The headline says it all. It’s official, according to a news release from Top Rank Promotions: On Nov. 14, pound-for-pound king Manny Pacquiao will fight Miguel Cotto, one of the other 10 best fighters around in all of boxing, in what could be the year’s biggest and best bout. Pacquiao and Cotto are can’t-miss fighters on their own, and together, they stand to produce fireworks of blowing-up-the-fireworks-factory caliber. These are men who have made a habit out of being in candidates for Fight of the Year starting in 2004 and 2005, respectively.

The catchweight of 145 pounds — a weight Cotto and his team believe he can make comfortably — means that, most likely, we’ll have a fair fight. Pacquiao is the junior welterweight champion and Cotto fled that division years ago after struggling to make weight. Pacquiao’s team at one point was trying to bargain Cotto down to 142, which was ludicrous, as Cotto most assuredly would have been weakened. By contrast, Cotto is a pretty big and prime welterweight, unlike Oscar De La Hoya, the only man Pacquiao has fought at welterweight and whom Pacquiao trainer Freddie Roach knew couldn’t get down to 147 anymore and whom was past his prime. So Cotto will be the best big man Pacquiao has ever faced. The only real open question about how level the playing field will be for this fight is whether Cotto still has any lingering effects from his 2008 knockout loss to Antonio Margarito, about which opinions are divided after Cotto’s narrow victory over Joshua Clottey.

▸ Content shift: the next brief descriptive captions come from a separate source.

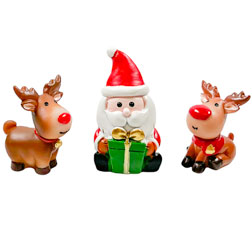 Santa & Reindeer Cake Toppers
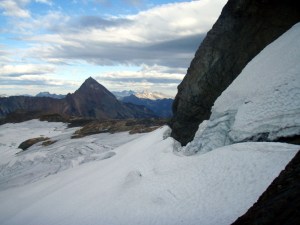 Tomyhoi Glacier with Mount Larrabee in the distance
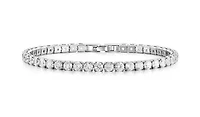 Touch Of Elegance White Gold Flashed Round Tennis Bracelet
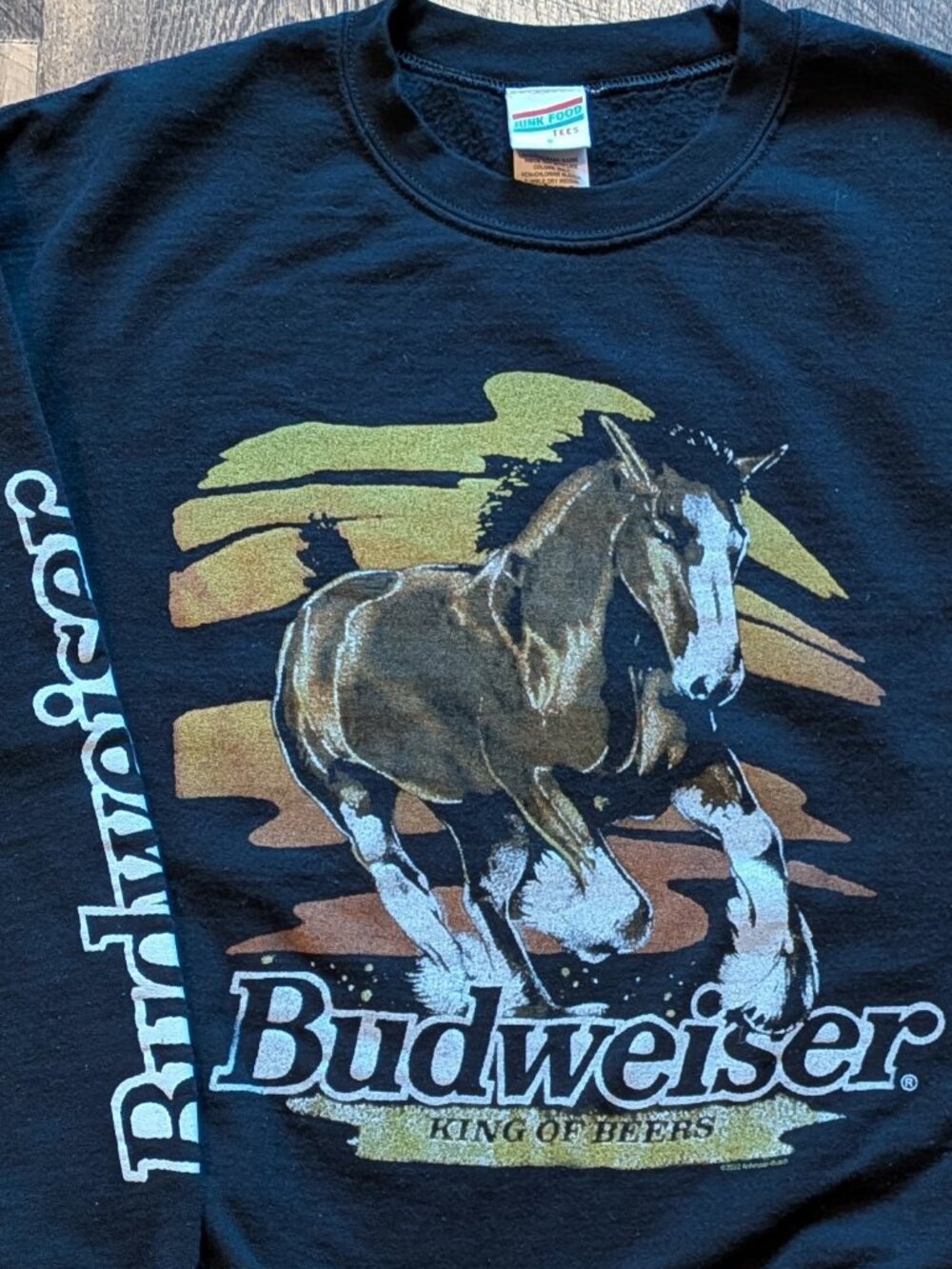 Junk Food Clothing Budweiser Horse Sweatshirt Black Small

But just short of a fight against Floyd Mayweather, Jr., who is busy with his own bout against Juan Manuel Marquez Sept. 19, this is the best fight either man could make. Shane Mosley might have been the most competitive option for Pacquiao and Cotto probably owes Mosley a rematch to crown the legitimate welterweight champion of the world, but Mosley brings nowhere near the money Pacquiao or Cotto does. Pacquiao’s devout Filipino following and Cotto’s devout Puerto Rican following give both a base of support that will ensure big dollars for everyone, from the gates at MGM Grand in Las Vegas to pay-per-view numbers in the contiguous United States to worldwide broadcast rights. Both, too, are favorites of hardcore fight fans — and in the case of Pacquiao, increasingly, casual fight fans, too — everywhere.

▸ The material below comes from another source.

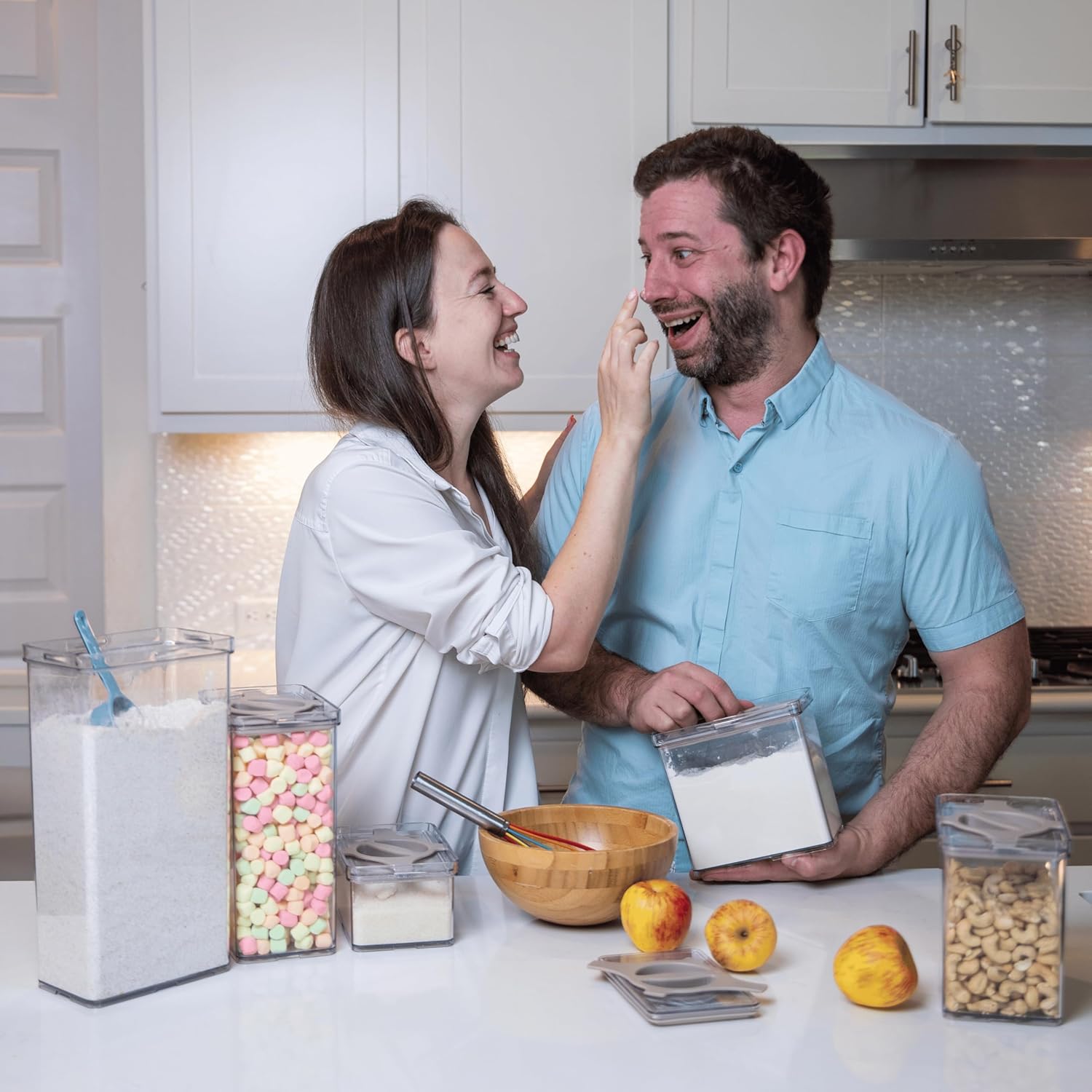 5-Piece SAN Airtight Pantry Storage Container Set, Leakproof Twist-Lock Lids, BPA-Free Stackable Canisters for Sugar, Flour, Pasta, Cereal & Snacks (0.8qt, 1.9qt ×2, 3qt, 4qt)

I heavily favor Pacquiao in this bout, but that doesn’t change the fact that this is a real mega-fight, an unquestionably good match-up of quality fighters with as much steak as it has sizzle, which I’m intensely anticipating.

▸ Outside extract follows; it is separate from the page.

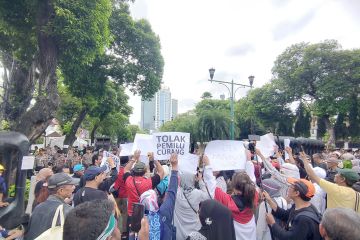 Aksi di depan KPU RI sebabkan kemacetan di Jalan HOS Cokroaminoto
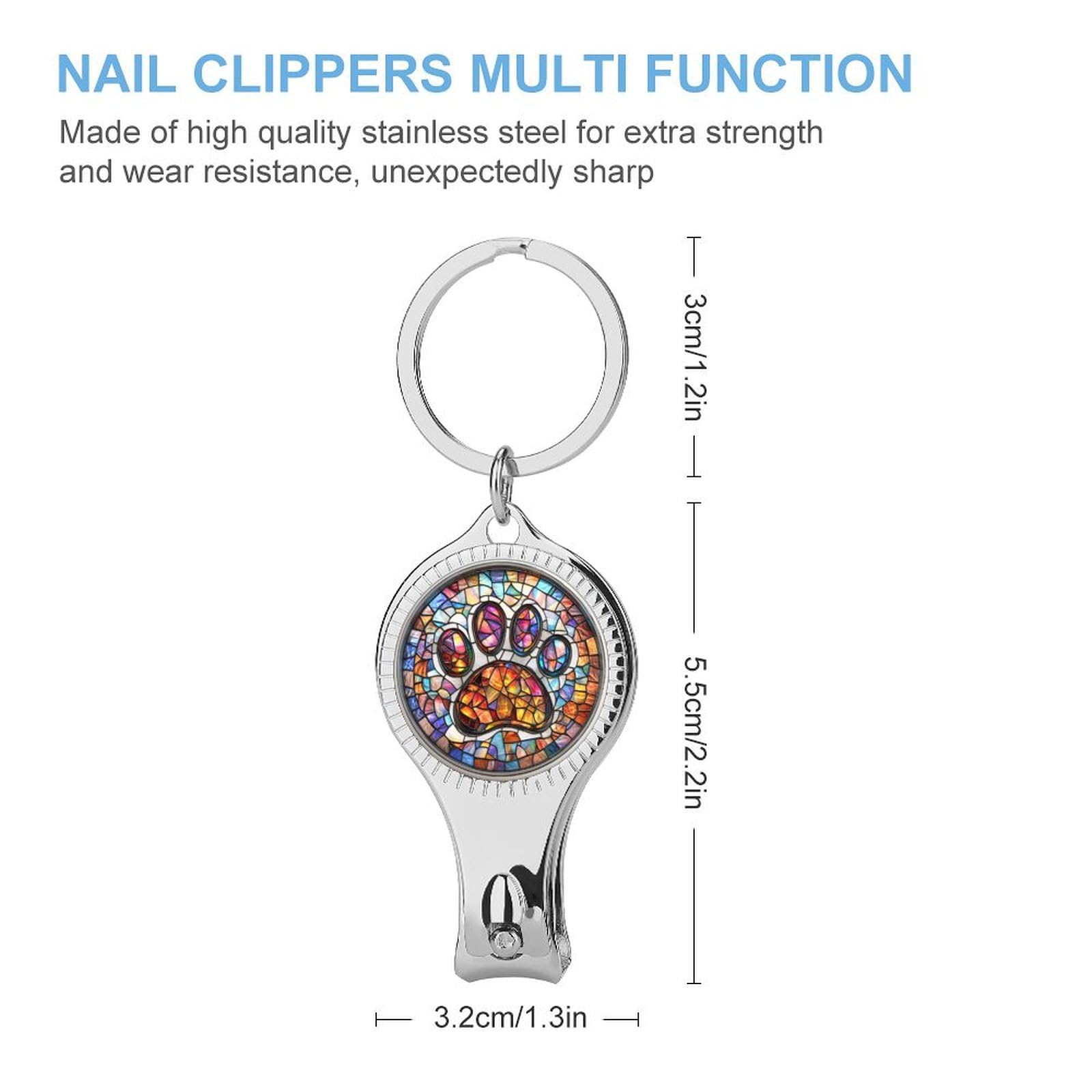 Cat Foot Print Stained Glass Nail Clippers Toenail Clipper Cutters Professional Nail Trimmer Nail Cuticle Cutter for Women Men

(P.S. Pacquiao will be campaigning for his seventh belt in seven weight classes, a record if he pulls it off, but Pacquiao already snagged the only record there that matters: When he became the lineal junior welterweight champion, Pacquiao became the first man ever to win four lineal championships in four divisions. That means infinitely more than whether he wins Cotto’s alphabet title belt in this fight. For more on what I mean, read “champions vs. belt-holders” here.)

About Tim Starks

Tim is the founder of The Queensberry Rules and co-founder of The Transnational Boxing Rankings Board (http://www.tbrb.org). He lives in Washington, D.C. He has written for the Guardian, Economist, New Republic, Chicago Tribune and more.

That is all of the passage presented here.